With the line containing "Car Image - 7q259ihz14H1UPdQYlR67M" as the start and the line containing "トヨタ プリウス A プレミアム" as the end, transcribe that span of the entries below exactly, including both.

[Data supplied]
● ● ●
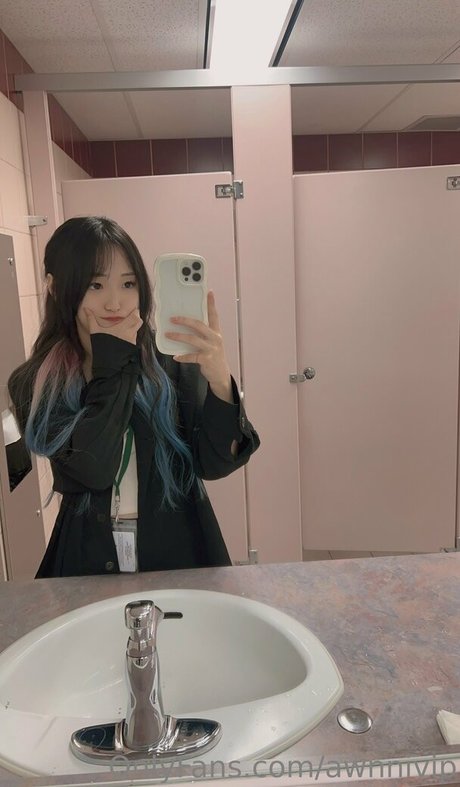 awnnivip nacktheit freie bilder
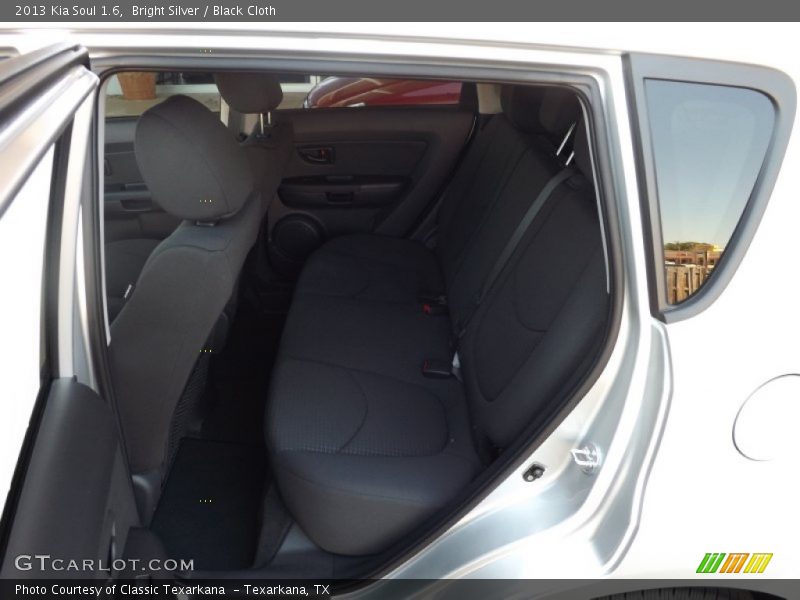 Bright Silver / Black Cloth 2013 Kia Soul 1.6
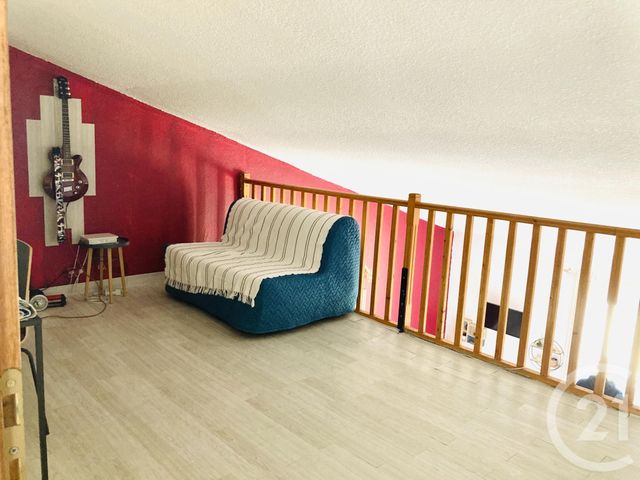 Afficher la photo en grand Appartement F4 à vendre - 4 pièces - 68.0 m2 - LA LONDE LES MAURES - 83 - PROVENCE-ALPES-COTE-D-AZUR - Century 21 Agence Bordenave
● ● ●
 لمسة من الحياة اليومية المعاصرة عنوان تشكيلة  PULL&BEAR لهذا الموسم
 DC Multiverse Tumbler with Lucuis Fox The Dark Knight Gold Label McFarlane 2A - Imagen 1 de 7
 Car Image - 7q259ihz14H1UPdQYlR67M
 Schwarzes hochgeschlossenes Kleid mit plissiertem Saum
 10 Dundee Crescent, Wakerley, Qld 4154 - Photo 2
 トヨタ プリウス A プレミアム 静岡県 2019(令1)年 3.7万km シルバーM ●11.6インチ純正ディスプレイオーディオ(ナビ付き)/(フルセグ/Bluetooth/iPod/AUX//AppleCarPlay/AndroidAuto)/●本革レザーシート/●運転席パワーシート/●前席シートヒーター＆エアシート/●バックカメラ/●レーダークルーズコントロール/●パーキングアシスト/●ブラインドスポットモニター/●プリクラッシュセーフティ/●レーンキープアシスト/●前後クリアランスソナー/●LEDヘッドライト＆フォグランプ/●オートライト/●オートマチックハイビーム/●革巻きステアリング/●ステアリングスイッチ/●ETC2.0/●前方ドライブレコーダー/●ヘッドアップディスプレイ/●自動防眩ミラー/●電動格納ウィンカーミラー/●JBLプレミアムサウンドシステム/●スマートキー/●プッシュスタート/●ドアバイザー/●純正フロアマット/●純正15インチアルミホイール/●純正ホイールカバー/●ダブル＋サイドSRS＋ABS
● ● ●
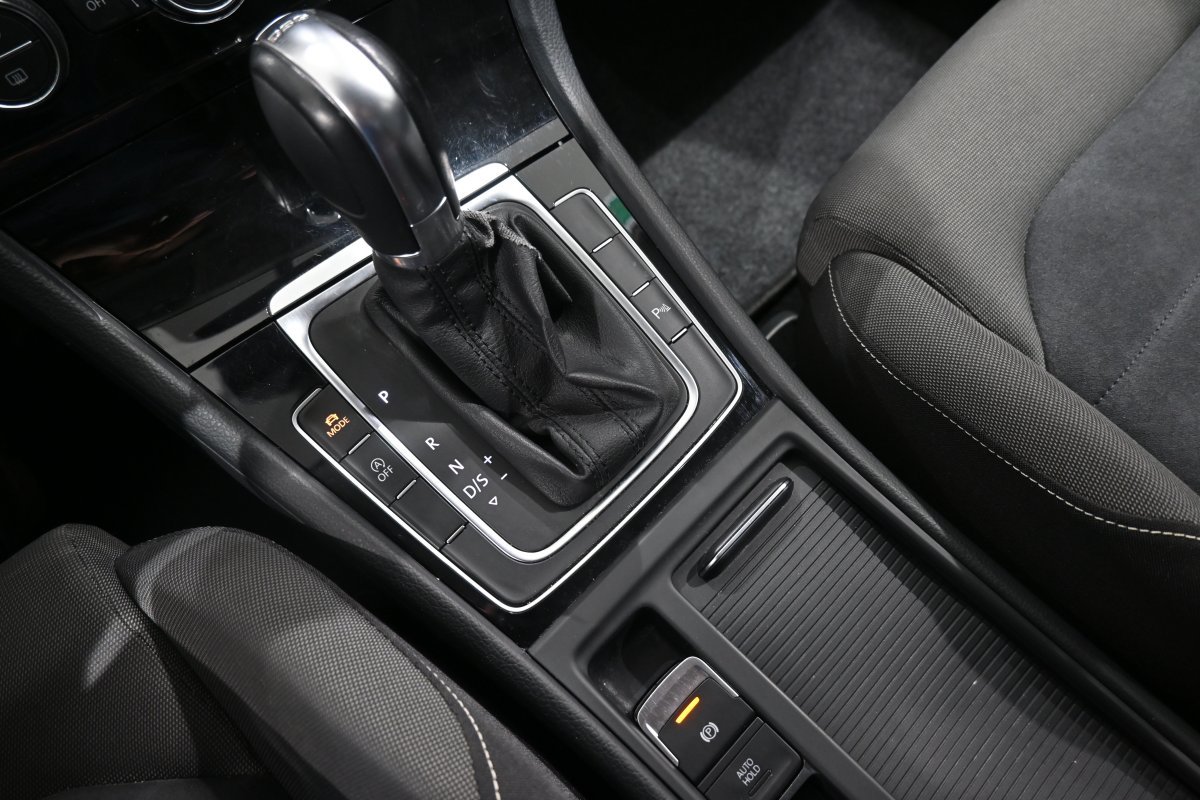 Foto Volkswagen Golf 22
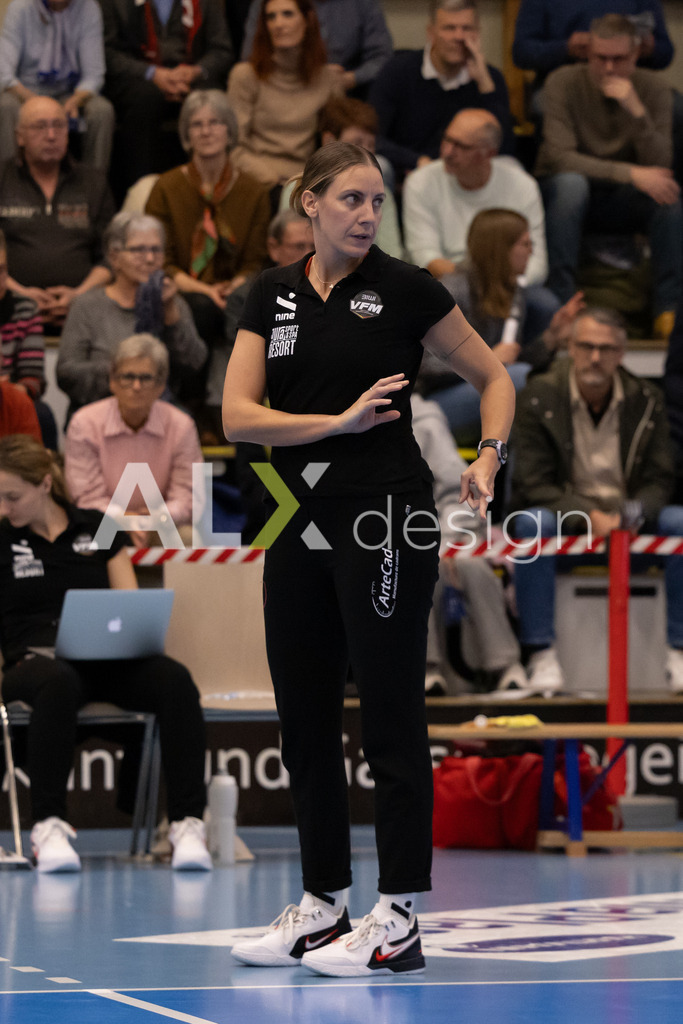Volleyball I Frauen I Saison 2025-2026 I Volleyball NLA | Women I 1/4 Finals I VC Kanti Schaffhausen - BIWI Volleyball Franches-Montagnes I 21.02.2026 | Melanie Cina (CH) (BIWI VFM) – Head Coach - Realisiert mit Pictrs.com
● ● ●
[Output of the task]
 Car Image - 7q259ihz14H1UPdQYlR67M
 Schwarzes hochgeschlossenes Kleid mit plissiertem Saum
 10 Dundee Crescent, Wakerley, Qld 4154 - Photo 2
 トヨタ プリウス A プレミアム 静岡県 2019(令1)年 3.7万km シルバーM ●11.6インチ純正ディスプレイオーディオ(ナビ付き)/(フルセグ/Bluetooth/iPod/AUX//AppleCarPlay/AndroidAuto)/●本革レザーシート/●運転席パワーシート/●前席シートヒーター＆エアシート/●バックカメラ/●レーダークルーズコントロール/●パーキングアシスト/●ブラインドスポットモニター/●プリクラッシュセーフティ/●レーンキープアシスト/●前後クリアランスソナー/●LEDヘッドライト＆フォグランプ/●オートライト/●オートマチックハイビーム/●革巻きステアリング/●ステアリングスイッチ/●ETC2.0/●前方ドライブレコーダー/●ヘッドアップディスプレイ/●自動防眩ミラー/●電動格納ウィンカーミラー/●JBLプレミアムサウンドシステム/●スマートキー/●プッシュスタート/●ドアバイザー/●純正フロアマット/●純正15インチアルミホイール/●純正ホイールカバー/●ダブル＋サイドSRS＋ABS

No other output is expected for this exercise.